In a 6–3 decision, the U.S. Supreme Court ruled today in King v. Burwell that tax credits are available to consumers shopping on the Affordable Care Act’s federal marketplace, not just those shopping on state exchanges. Chief Justice John Roberts and Justices Anthony Kennedy, Ruth Bader Ginsburg, Stephen Breyer, Sonia Sotomayor, and Elena Kagan comprised the majority, while Justices Samuel Alito and Clarence Thomas joined Justice Antonin Scalia in a 21-page dissenting opinion.
The controversy arose out of the act’s language providing for subsidies to be distributed for marketplaces “established by the State.” The petitioners argued that the plain language limits the subsidies to state, not federal, marketplaces, while the respondents and proponents of the act—including the act’s architects—argued that subsidies were meant to be available on all exchanges, with the goal to cover all Americans. Proponents feared that limiting subsidies to state exchanges could seriously destabilize the act, rendering health insurance prohibitively expensive for many consumers. The Court agreed.

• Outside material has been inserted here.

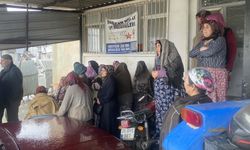 Üzerine istinat duvarı çöken kamyonetinde hayatını kaybetti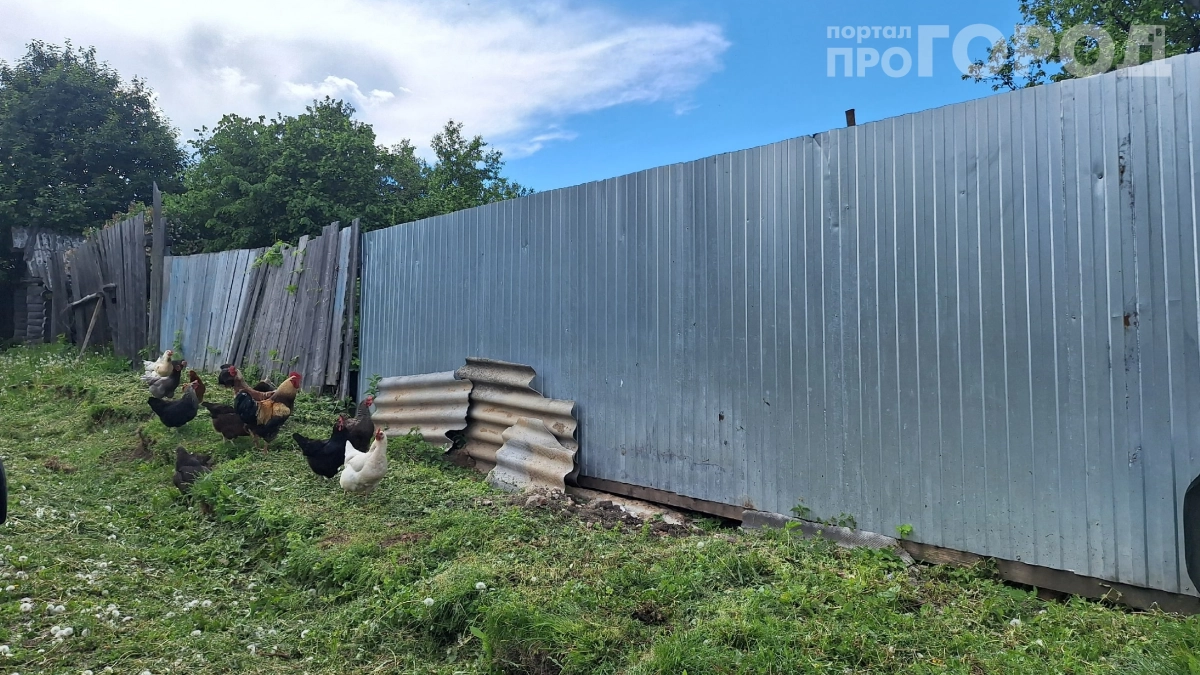 Закрыл щель под забором — и теперь на участок не пролезет даже кот: делюсь 5 рабочими способами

While recognizing the language as “ambiguous,” the Court “reject[ed] petitioners’ interpretation because it would destabilize the individual insurance market in any State with a Federal Exchange, and likely create the very ‘death spirals’ that Congress designed the Act to avoid.”
In his dissent, Scalia decried the majority’s decision as reflecting the “philosophy that judges should endure whatever interpretive distortions it takes in order to correct a supposed flaw in the statutory machinery.” He stated that Congress, not the judiciary, was responsible for both making laws and mending them.